Next, Google goes into some detail regarding SGE and what it’s intended to do for shopping experiences. SGE uses the Google Shopping Graph, an aggregate of some 35 billion products around the web, in order to compile a database of useful items and links whenever you search for a particular product.

In its example, Google shows a user searching for bikes. The user is shown a number of different options, each of which has a short passage of text next to it that describes where the bike is most useful. You can also see reviews of each bike to help you make a more informed decision. In short, SGE is supposed to provide a more detailed, more analytically-minded set of search results when you’re looking for ecommerce items.

SGE and responsibility

One of the biggest debates surrounding AI right now is whether or not it’s actually a force for good in terms of the long-term future of the human race. There are a number of different perspectives on this issue; some consider AI to be a problem that needs to be solved, while others see the potential benefits and think that those who are warning against widespread AI use are fearmongering.

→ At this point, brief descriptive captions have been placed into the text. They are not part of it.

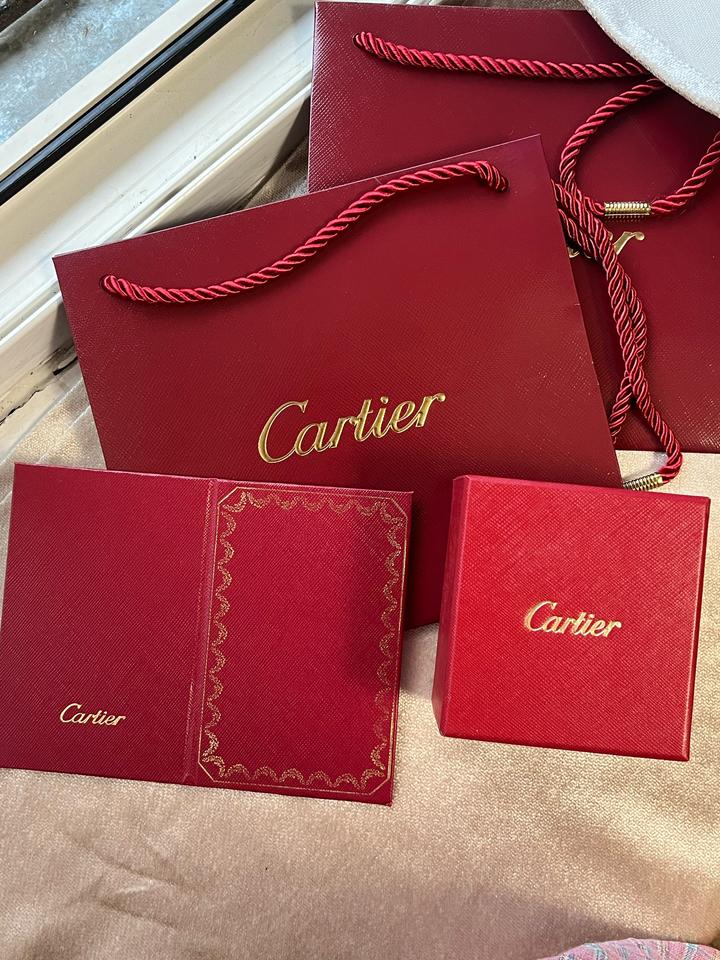 Фирменная упаковка Cartier: подарочные пакеты и шкатулка, серификат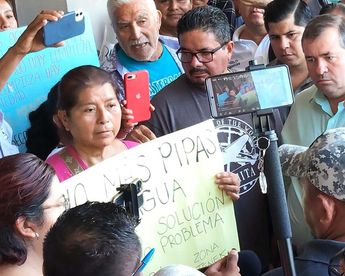 La protesta obligó a interrumpir el inicio del acto oficial. | Redes Sociales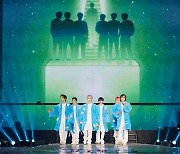NCT DREAM, 오색헤어 빛난 매혹오프닝…“더 덥고 뜨거운 막콘”(콘서트)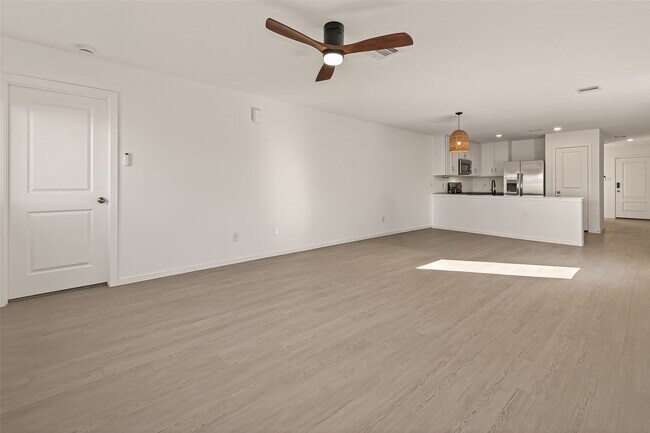 Building Photo - 6915 Lilac Vine Ln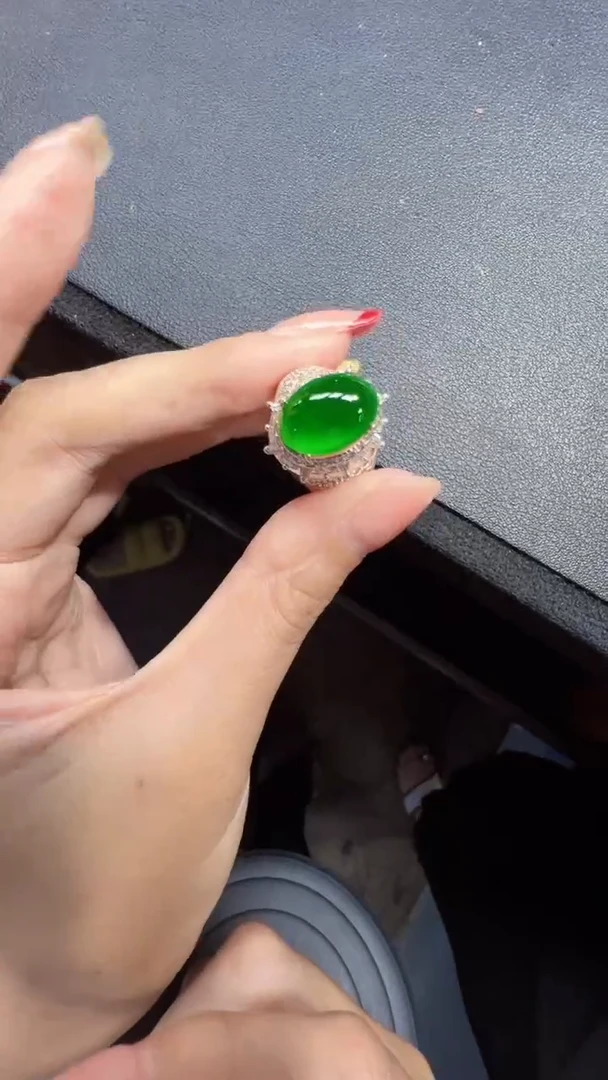 未镶嵌定制翡翠翡翠A货有轻微色差属于正常现象，蛋面多样性发货1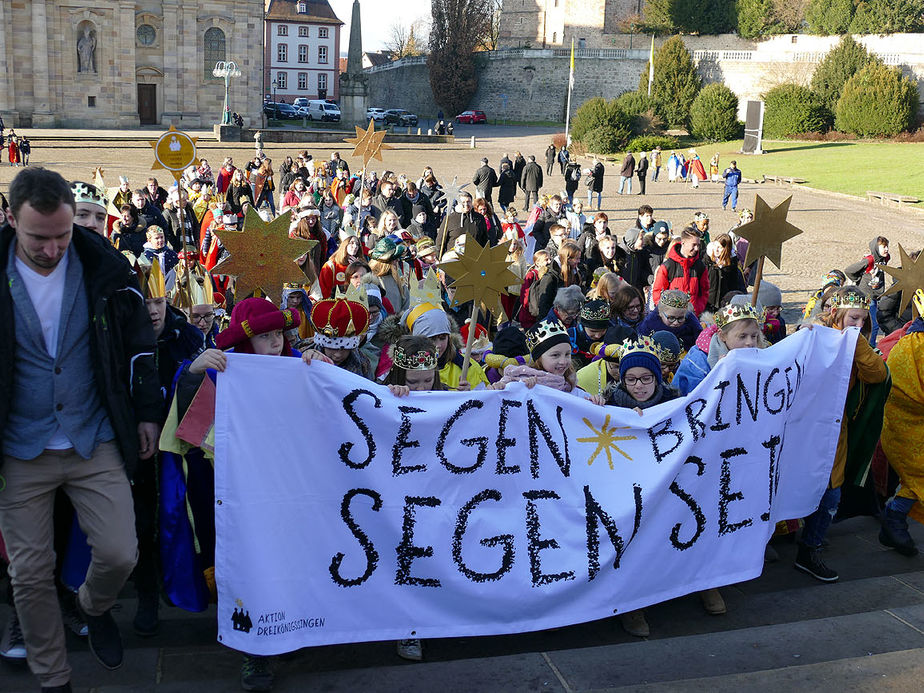 Aussendung der Sternsinger im Hohen Dom zu Fulda (Foto: Karl-Franz Thiede)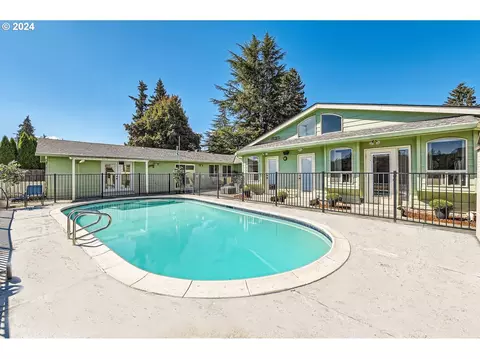 8398 Cason Rd, Gladstone, OR 97027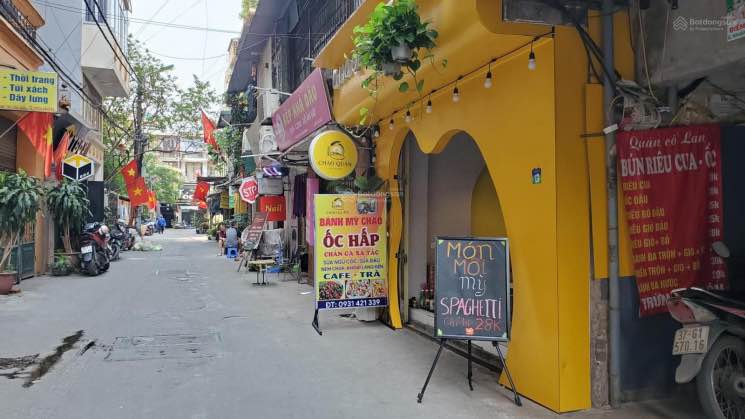 Bán gấp FrontHouse Tây Sơn, Đống Đa 100m² giá 6 tỷ - Kinh doanh sầm uất, ô tô đỗ cửa!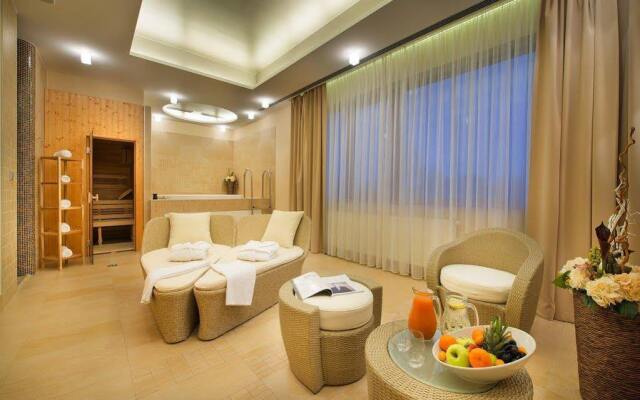 Relax and Regeneration Centre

Google says that when it comes to SGE, it’s committed to maintaining a responsible approach to AI and the problems it potentially brings. The company says that it wants to continue the work it’s doing with its Perspectives initiative, thus driving more traffic to different sources of information and diverse perspectives around the internet. Additionally, ads will continue to appear in SGE, but Google says it will “uphold [its] commitment to ads transparency” and making sure you know the difference between ads and results.

If you want to know more about Google’s approach to responsibility when it comes to SGE, then we’d recommend checking out the (fairly lengthy, but very important) outline of SGE and what it might mean for the search experience that Google has provided. That document contains lots more in-depth information about SGE.

When can you use SGE?

Right now, Google is in the early stages of rolling out SGE to users who want to test it out. Unfortunately, it doesn’t seem like Google is accepting any users outside the US, so unless that’s where you live, you’re going to have to wait a little longer for your chance to try out SGE.

If you are a US resident, then you can head over to Google’s Search Labs page to express your interest in trying out SGE. You’ll be added to a waitlist, so it could still be a little while before you get to try out what Search Labs has to offer, but eventually, you’ll hopefully be accepted into the program and you can give Search Labs a go.